Dr Hervé Aholoukpè est le directeur du Centre de recherches agricoles Plantes pérennes (Cra-Pp) de l’Institut national des recherches agricoles du Bénin (Inrab). A la faveur des Journées scientifiques sur la promotion des chaînes de valeur du palmier à huile tenues du 24 au 26 novembre dernier à Pobè, il nous a entretenu sur la mission du centre, les acquis ainsi que les perspectives des recherches pour la promotion de cette culture. Interview…

La Nation : Monsieur le directeur, présentez-nous le Centre de recherches agricoles Plantes pérennes dont vous avez la charge !

Dr Hervé Aholoukpè : La création du Centre de recherches agricoles Plantes pérennes (Cra-Pp)
de l’Institut national des recherches agricoles du Bénin (Inrab) remonte à 1922 mais il est connu sous sa dénomination actuelle depuis 1996.
La mission de notre centre, c’est de générer des informations, des connaissances et de développer des technologies pour la promotion des filières palmier à huile et cocotier.Pour ce faire, le centre mène différentes actions relatives à la conservation et l’utilisation des ressources génétiques du palmier à huile et du cocotier, à l’amélioration du rendement et de la qualité des produits de récolte, à la sélection pour la croissance lente en hauteur chez le palmier à huile et le cocotier et l’adaptation des cultures à la sécheresse.
La station de recherche sur le palmier à huile localisée dans la commune de Pobè s’étendait sur une superficie de 794 ha au départ. Aujourd’hui, nous sommes sur une superficie de 708 ha, parce qu’une superficie de 86 ha a été cédée d’une part au lycée technique et d’autre part à la mairie pour l’installation de réserves administratives. La superficie plantée en palmier à huile au niveau du centre est de 423 ha et nous avons une réserve botanique de 115 ha.

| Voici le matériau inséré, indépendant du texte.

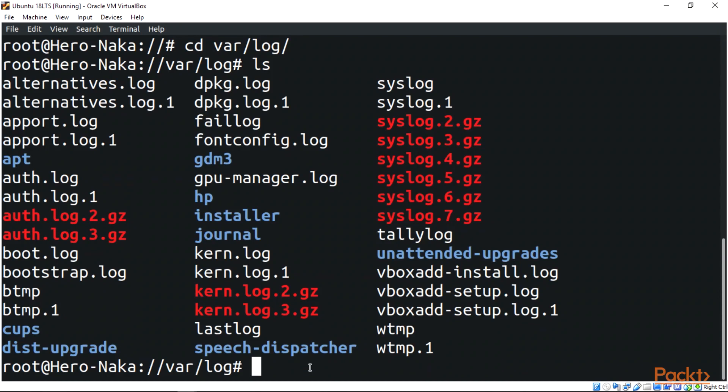We are going to be using the change directory, which is cd, a lot in this video. You can see I'm a root user. You can see we have root@hero-naka, which is Nakamura, to access log files.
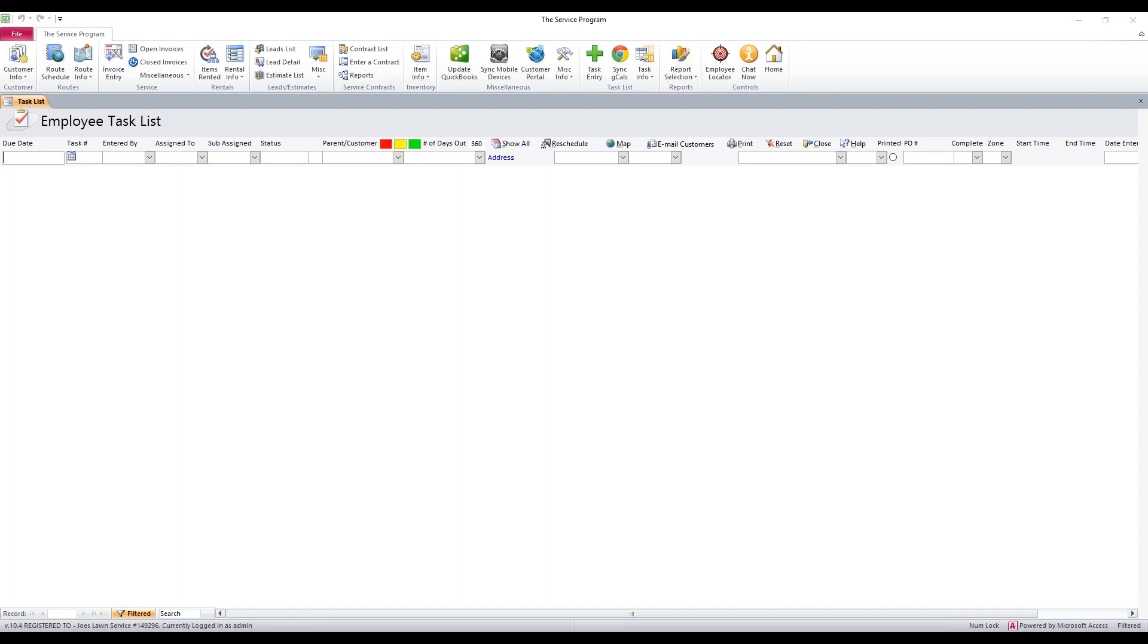I'm going to go over a report with you that you may need to use within the software. Let's say you have a customer and you need to know how many times they took a specific item throughout the course of work that you've done in the service program. Maybe you need to know how many times you've brushed and skimmed something or how many times you've added something very specific to a customer that you've charged them for.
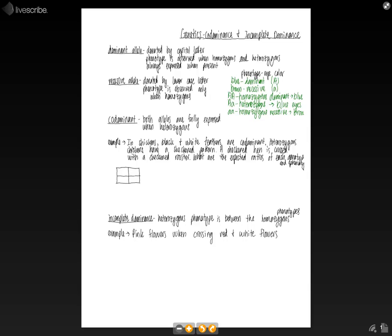But okay, so if we have a checkered hen that's crossed with a checkered rooster, what are the expected ratios of each genotype and phenotype?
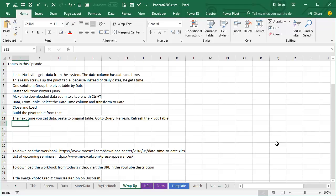Next time you get data, paste it in the original table, go to the query panel, click Refresh and you're good to go. Hey,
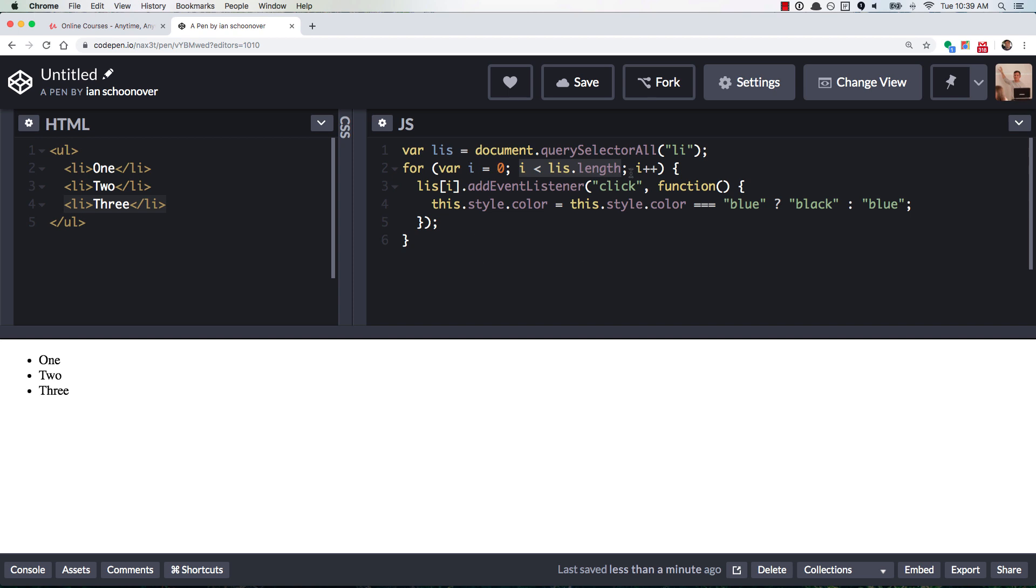And then this code right here gets run one last time. Now it doesn't get used because we don't go back into another iteration, but it does get run. And so the value for i, whenever the for loop is done, is going to equal LIs.length.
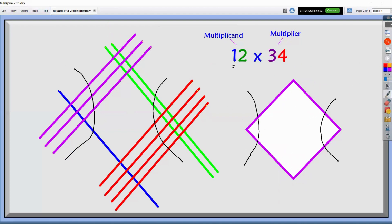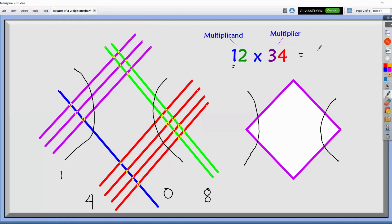Let's count the number of points on the right corner: one, two, three, four, five, six, seven, and eight. So we write eight below the figure. For the middle term, let's count the intersections: one through ten. Instead of writing 10, we write zero and carry one. For the left corner, we count one, two, three — plus the carried one makes four. Thus, the product of 12 and 34 is 408.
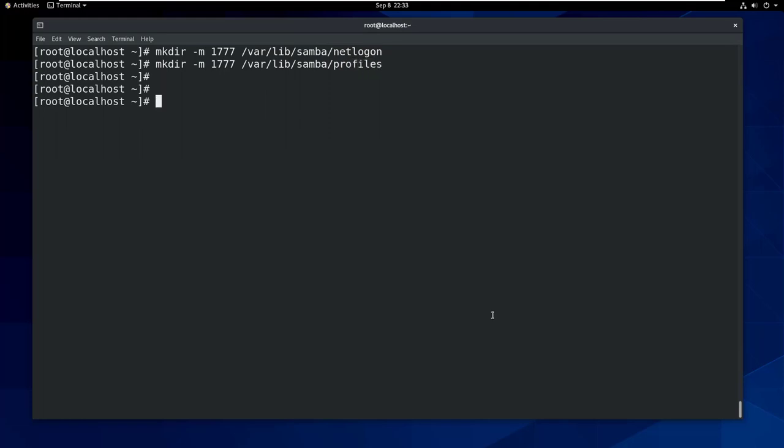Now you should create the users whom you want to log into the domain. Let's create user1 and user2.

En matière de Ressources humaines, le centre dispose de 126 agents dont 8 femmes, auxquels s’ajoutent des agents occasionnels qui tournent mensuellement autour de 200.

En quoi consistent les activités de recherche du centre ?

Les activités du Cra-Pp portent sur l’amélioration génétique du palmier à huile pour la résistance aux agents pathogènes, l’amélioration de la santé des sols et des techniques culturales sous palmeraie et sous cocoteraie, la protection phytosanitaire du palmier à huile et du cocotier. Elles consistent à faire des croisements entre des palmiers géniteurs pour la création de variétés performantes de palmier à huile, avec pour objectif d’améliorer le rendement en régime et en huile de palme, la qualité de l’huile de palme, la tolérance aux maladies et à la sécheresse.
Nous avons des champs de conservation des ressources phytogénétiques collectées, des champs généalogiques, des essais génétiques et des champs semenciers, tout cela à travers des cycles d’amélioration variétale. Un cycle dure une vingtaine d’années. Le Cra-Pp est aujourd’hui au troisième cycle d’amélioration des variétés de palmier à huile.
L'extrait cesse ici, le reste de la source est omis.